The prime minister said that under the EU’s most recent proposal on managing migration, Hungary would have to take in more than 10,000 people and counting family reunifications, its implementation would cost an annual 90 billion forints (EUR 286.6m) for the central budget.
Hungary is performing better today because “we didn’t let anyone strip us of the freedom to make decisions for ourselves,because we would be in dire straits if Brussels or the IMF made decisions of national importance,” he said.
The prime minister added that since his government came to power in 2010, the IMF has been “sent home”, Hungary paid off its loans to the IMF and the EU and the unemployment rate has dropped to 3.8 percent, with “full employment being at arm’s reach”. Also, the budget deficit has been kept below 3 percent over the past six years and public debt has been reduced, Orban added.
During this time, the government did not rely on the IMF, look to foreign models as examples to be followed or “bow to any threat”, he said. It instead reached an agreement with Hungarian employers and trade unions and has succeeded in raising the minimum wage by 90 percent since 2010, and doubled the minimum wage for skilled workers, Orban added.

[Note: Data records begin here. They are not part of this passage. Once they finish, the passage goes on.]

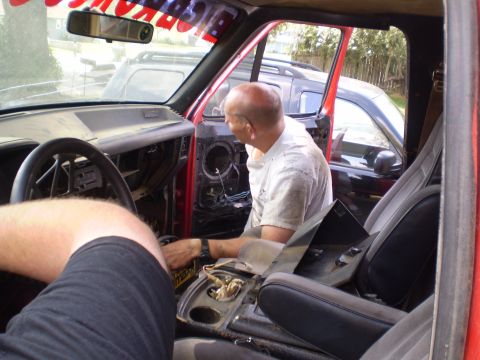 1969 Ford F-250 - Interior view of a red truck with a man working on the dashboard, with other vehicles visible through the open door.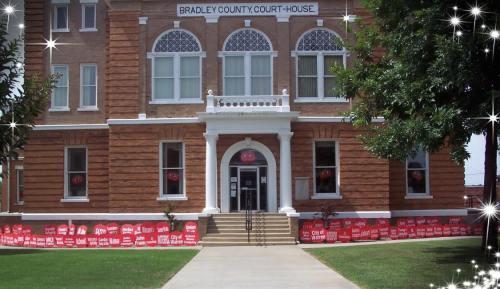 Historic Bradley County Courthouse with decorative windows and a welcoming entrance, surrounded by greenery.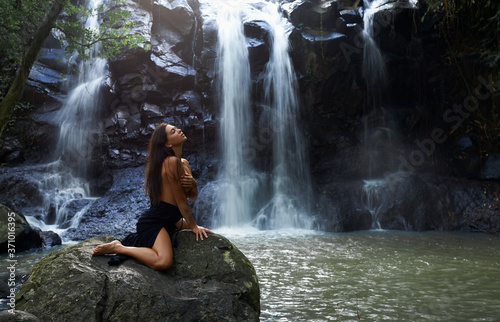 girl sitting on the background of a waterfall.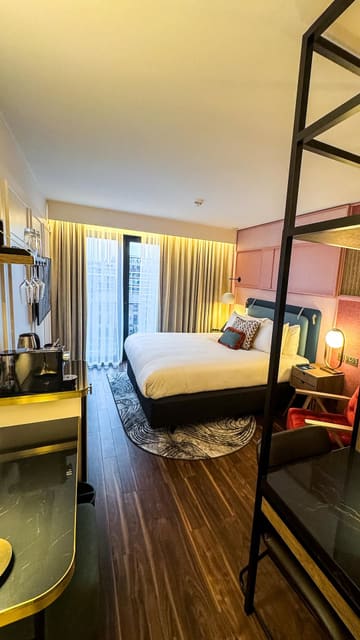 A promotional video for The Halyard hotel in Liverpool, showcasing the room design, amenities like the coffee machine and stocked fridge, the hotel's bar and restaurant, and a unique in-room cocktail trolley service.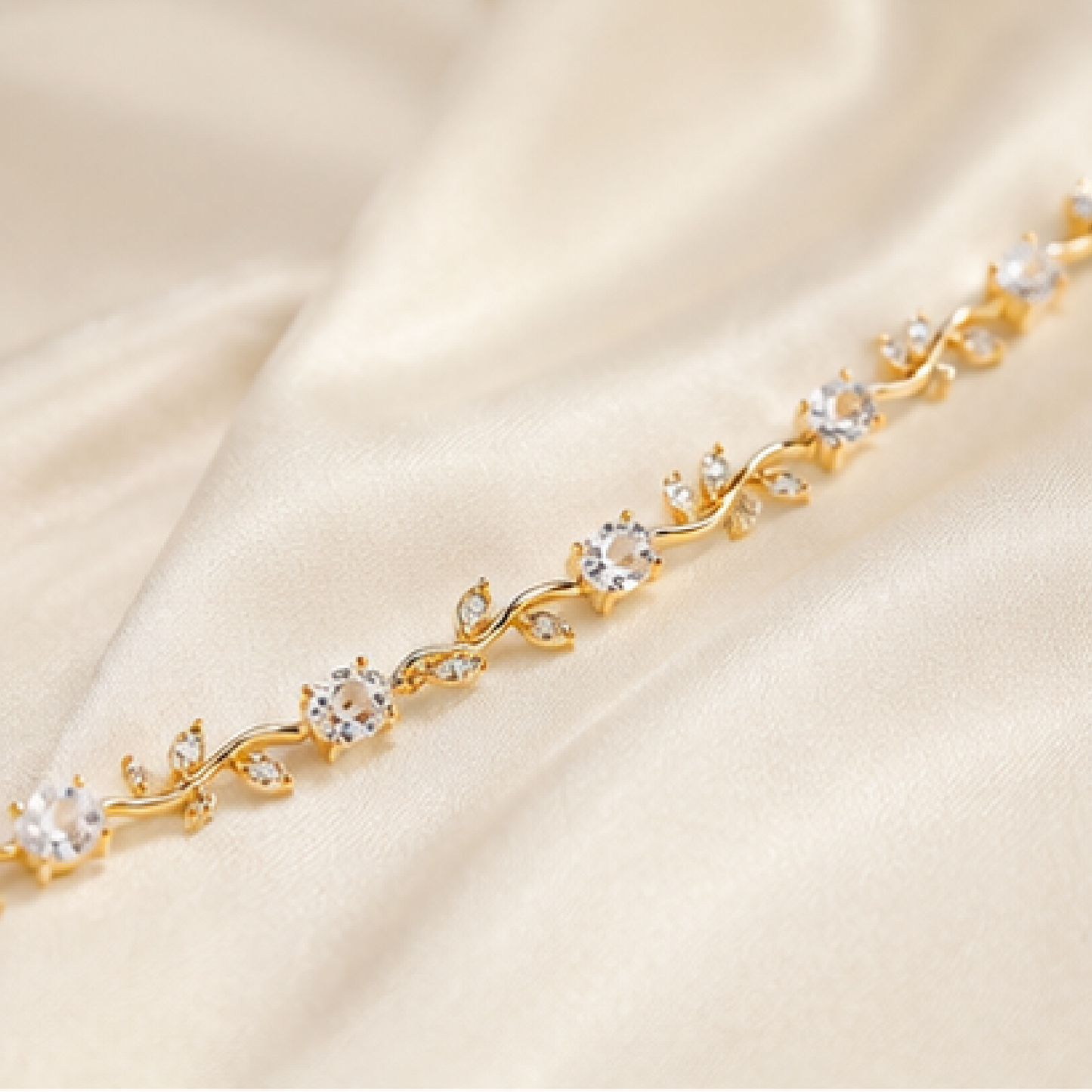 Gold plated stainless steel tulip bracelet with silver CZ stones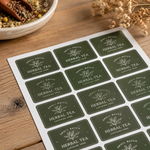Personalized green vinyl labels for small batch herbal tea packaging on a rustic wooden background.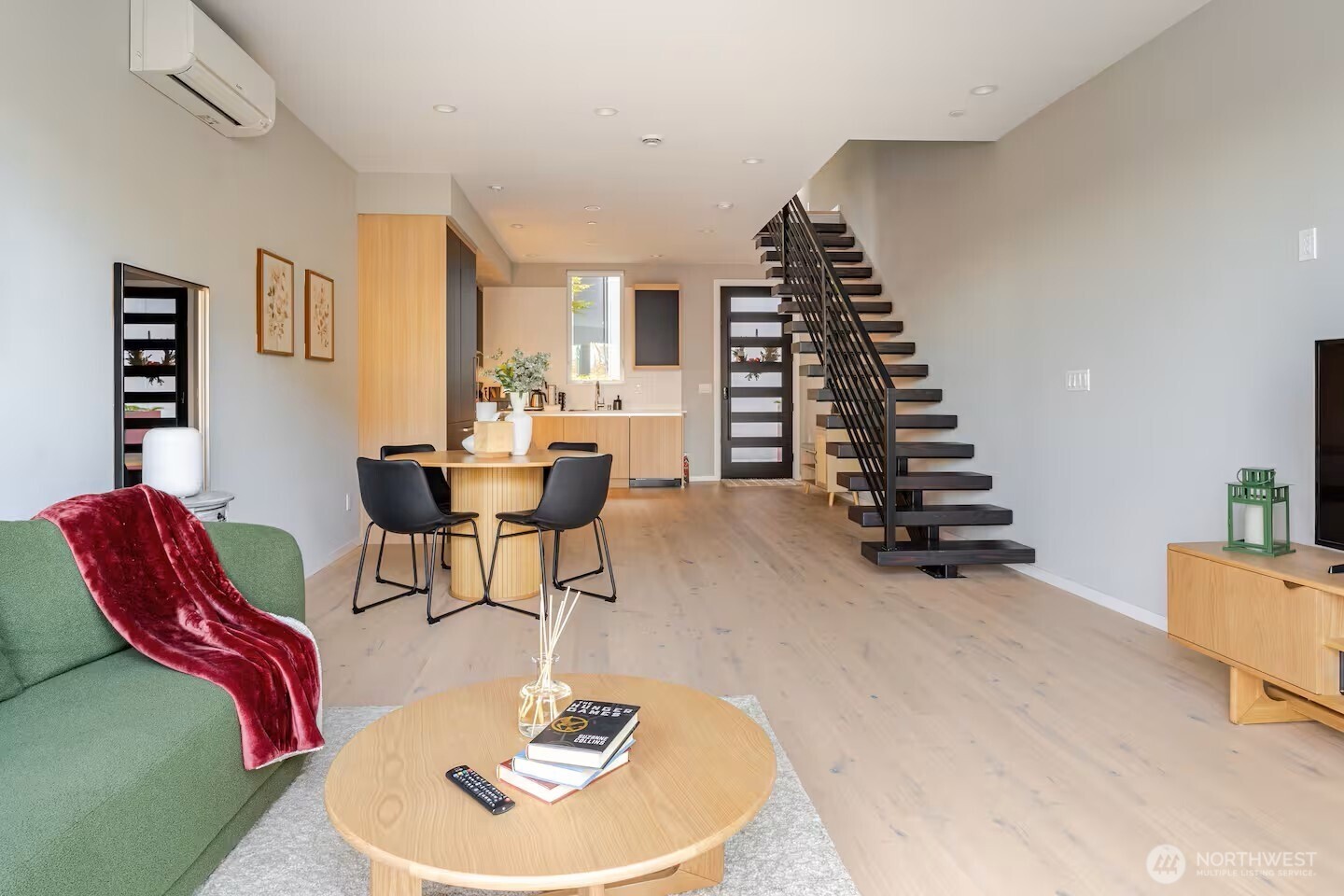 1709 20th Avenue, Unit A Seattle, WA 98122 - Photo 7 of 20 a dining room with furniture and wooden floor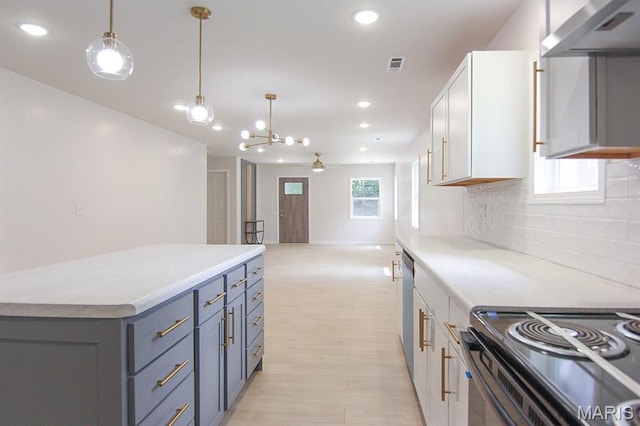 320 E Davidson Ave, Chaffee, MO 63740 - kitchen with wall chimney exhaust hood, light countertops, decorative backsplash, electric range oven, and recessed lighting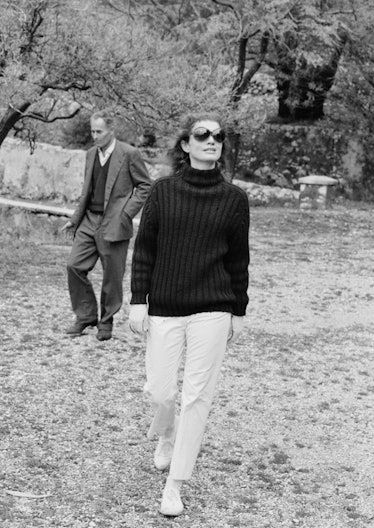 Jackie Kennedy in a black knit sweater, white pants, white sneakers and black sunglasses at the isla...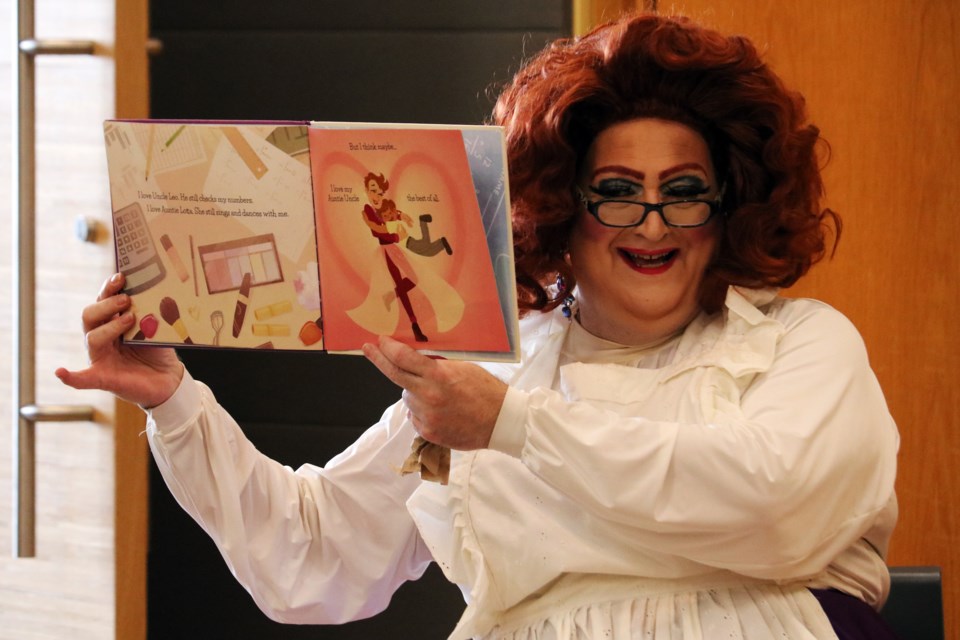 E'Claire reads Auntie Uncle by Ellie Royce to a crowd of 53 people during Drag Queen Storytime in the Zima Room at the Bradford West Gwillimbury Public Library, on Saturday, June 10, 2023. 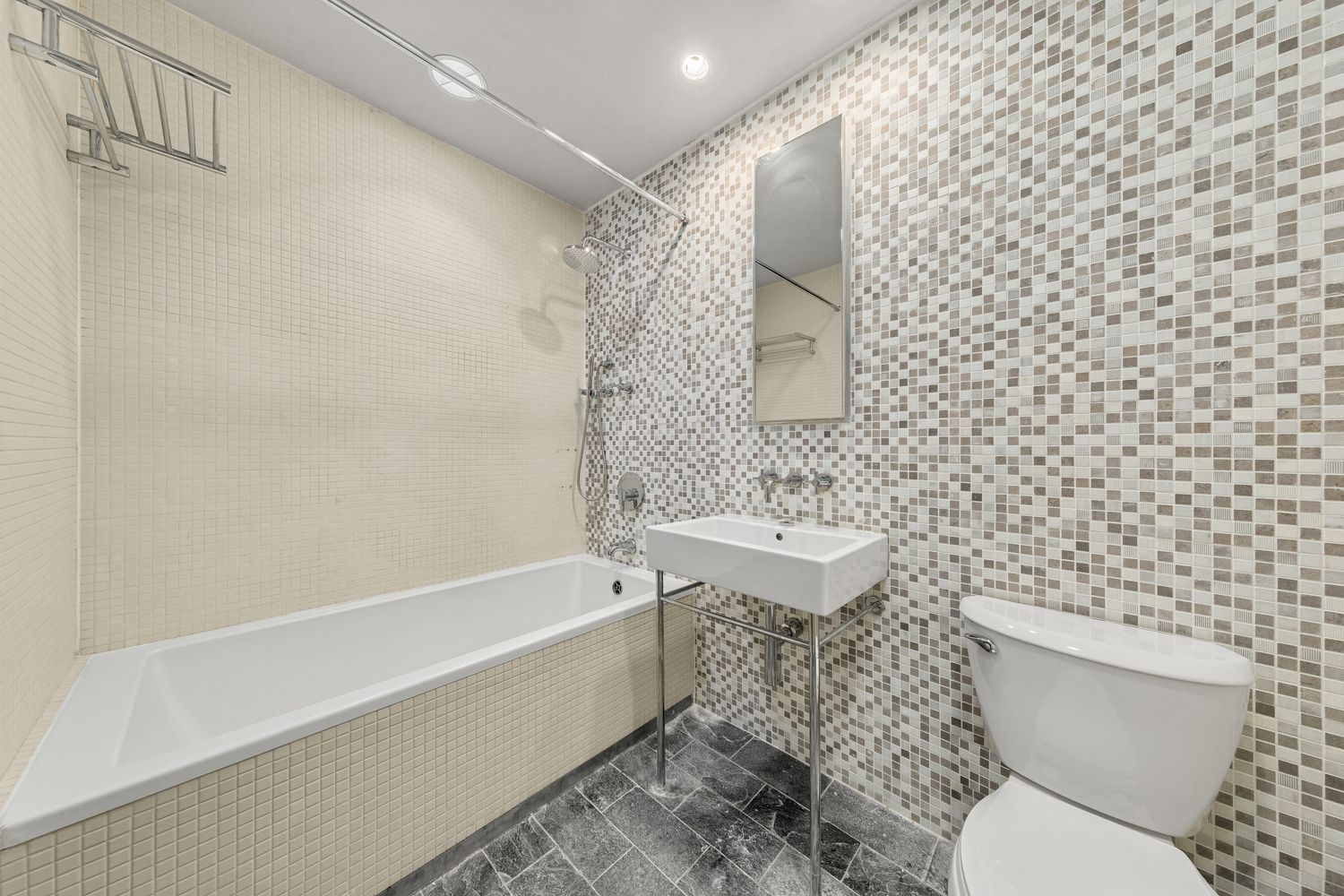 24 Beaver Street Manhattan, NY 10004 - Photo 20 of 25 a bathroom with a toilet and a bathtub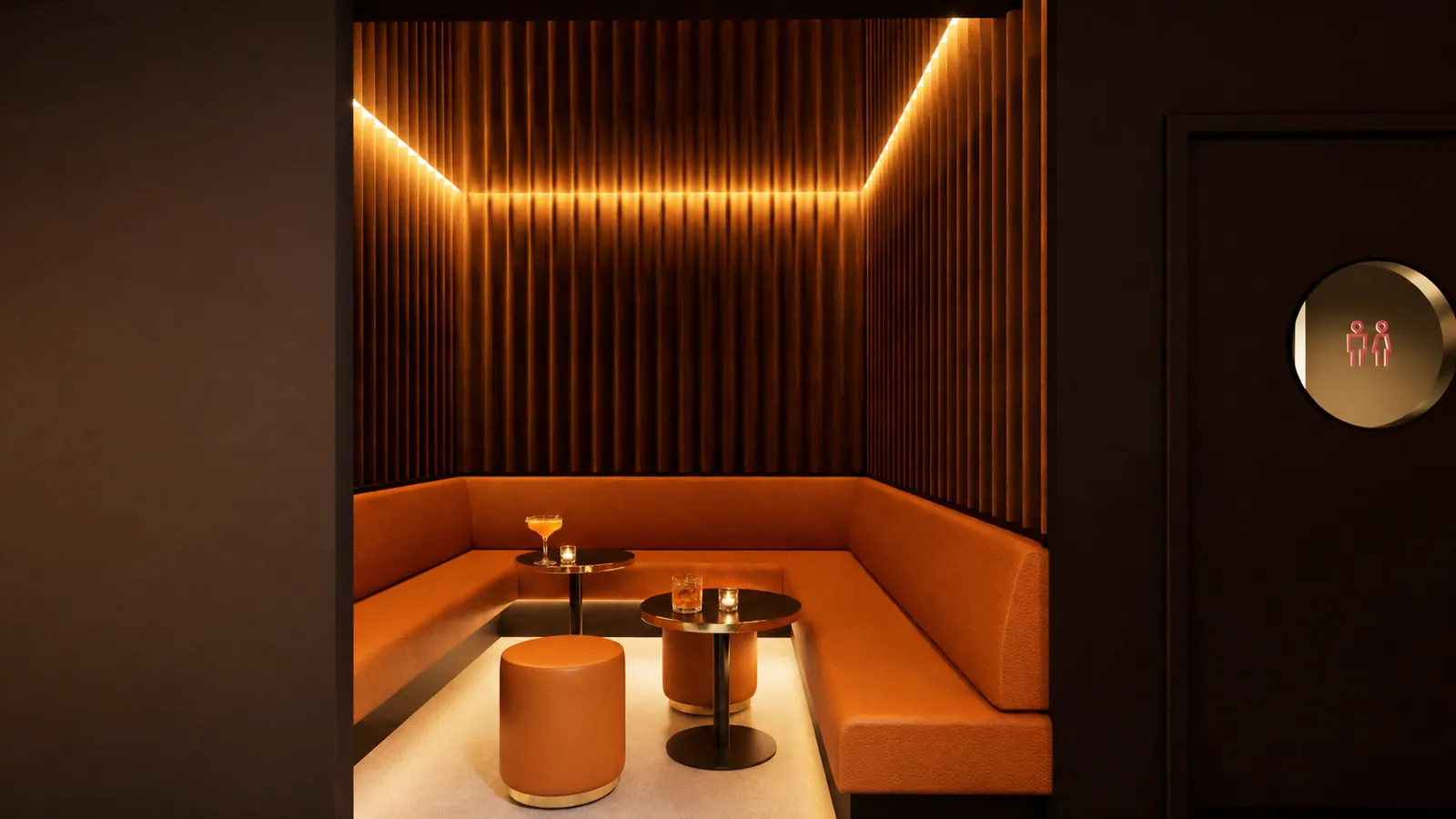 A fluted timber snug with burnt orange leather seating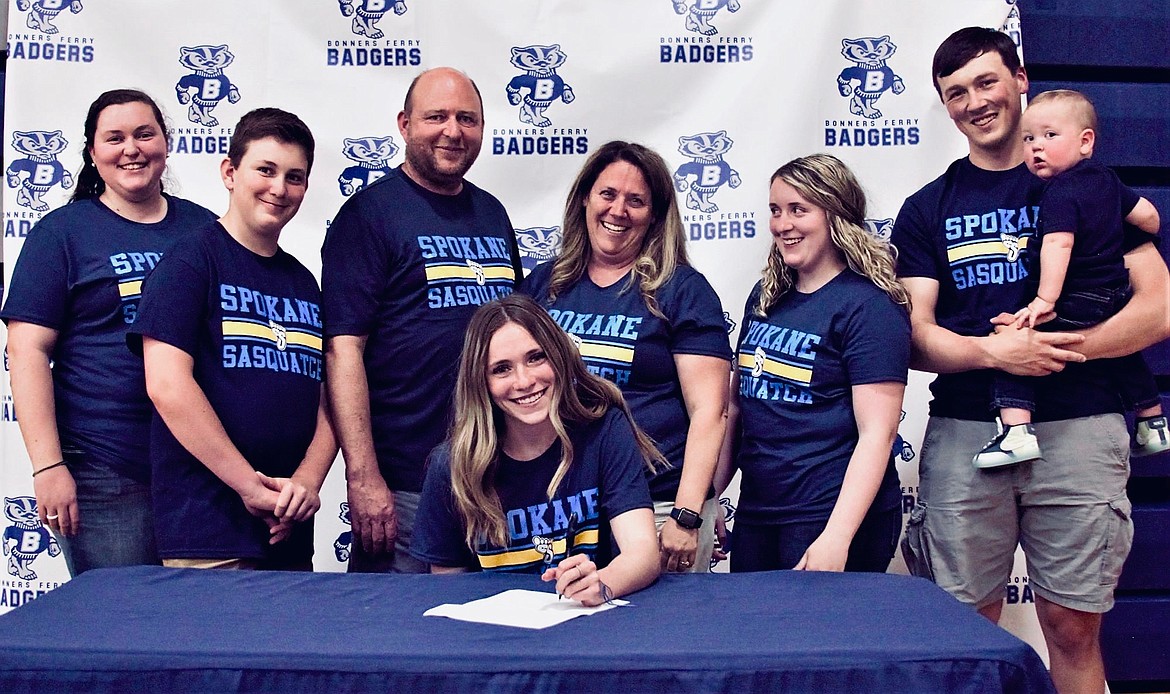 (sitting) Morgan Burt signs for to join the pole vaulting team at Spokane Falls Community College with her family.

“If Hungary can be protected”, maintaining an annual growth rate of 4 percent is feasible, as is to achieve full employment by 2022, Orban said.
The prime minister also gave an outline of central European infrastructure investment projects, including the upgrade of the Budapest-Belgrade railway line and plans to build high-speed rail lines to connect Budapest and Warsaw and Budapest and Cluj-Napoca (Kolozsvar).
Orban also mentioned plans to build under the next government cycle motorways connecting Miskolc in north-eastern Hungary and Kosice (Kassa) in eastern Slovakia and Pecs in southern Hungary with the Croatian border.
He stressed that the government would not draft an “election budget” insisting that the budget deficit would remain below 3 percent of GDP.
On the topic of unemployment, Orban said that if re-elected to a third consecutive term in office, he and his economic policymakers would work to ensure that Hungary has the second-lowest unemployment rate in Europe behind the Czech Republic.
In conclusion, Orban said that the four pillars of Hungary’s economic model were the country’s competitiveness, its labour-based economy and its demographic and identity policies.
He said it was important for Hungarian entrepreneurs that the next government’s economic policy represent the interests of Hungarian businesses. “The protection of our national independence is the alpha and omega of this [requirement],” he said.